London

Crossrail searches disused east London tunnel for WWII bombs

Connaught Tunnel
Image caption The Connaught Tunnel was built in 1878 and runs under the Royal Docks

A disused tunnel under the Royal Docks in east London is being searched by Crossrail for unexploded World War II bombs and devices.

The 550-metre Connaught Tunnel, which was built in 1878, is part of the planned Crossrail route.

Experts are checking the tunnel to see if any devices remain in the soil after it was hit by a bomb in 1940.

Armoured vehicles are being used to search the tunnel which was used by trains until 2006

Reconstruction work on the Connaught Tunnel, which was used by the North London Line, will begin in 2013 after the ordnance checks.

'All clear'

The work to bring the tunnel into use is expected to cost £50m.

Crossrail said its initial survey did not reveal the likelihood of any devices being present and the dock floor above the tunnel was given the "all clear" by divers.

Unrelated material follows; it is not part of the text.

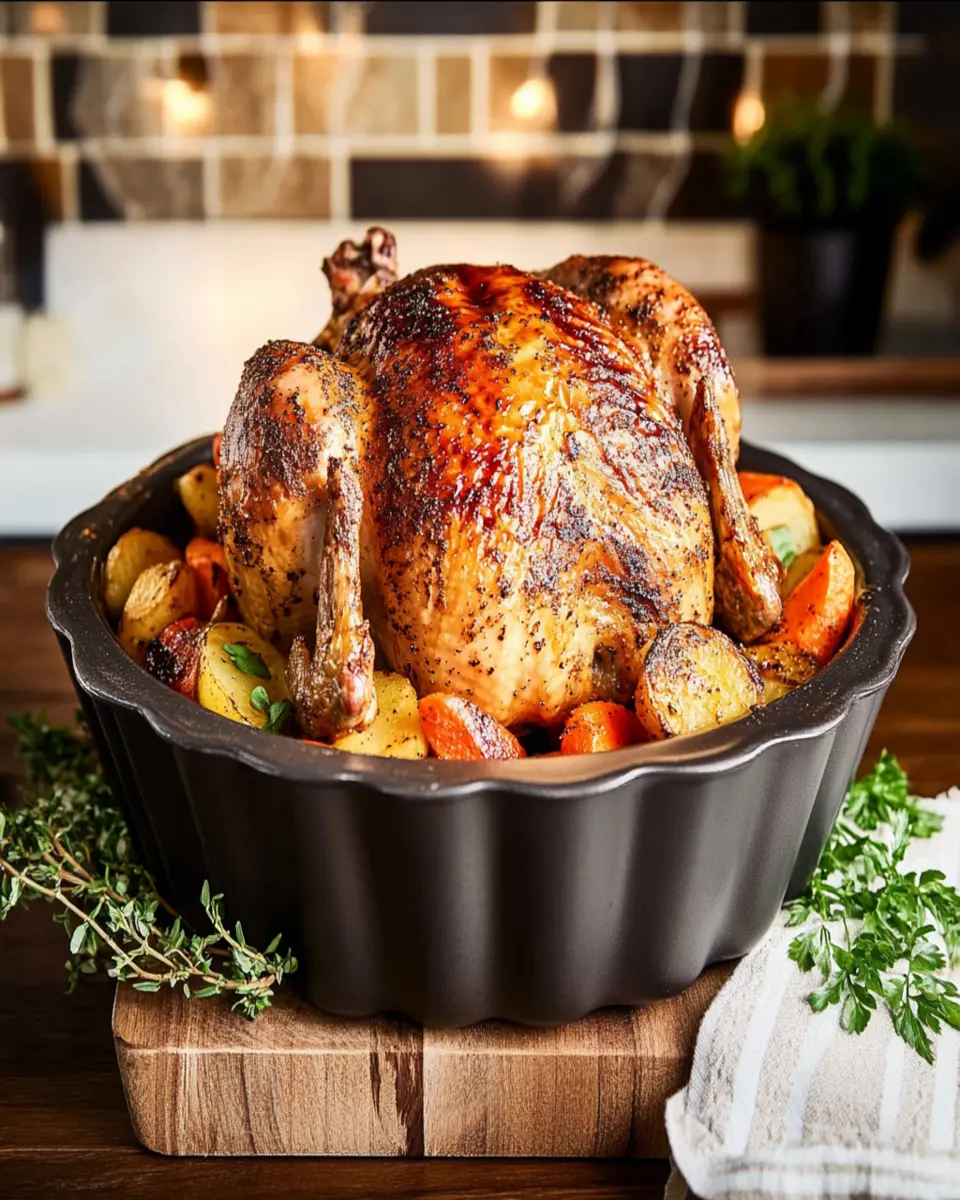 Rotisserie Chicken in Oven First Image First Image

Linda Miller, Connaught Tunnel project manager, said: "We know from existing maps where bomb drops occurred in London during the 1940s and many ground surveys have also been undertaken over the decades.

"Ahead of major refurbishment work on the Connaught Tunnel commencing, we will be undertaking further detailed checks to identify whether there are any remaining devices that are yet to be uncovered."

Similar ordnance surveys will be carried out in its other sites in east London which were targeted during the war.

Archaeologists will also study the area to locate any historical artefacts.

Crossrail, which is due to open in 2018, will connect Maidenhead in Berkshire to Shenfield in Essex, passing through central London, with spurs going up to Heathrow and Abbey Wood.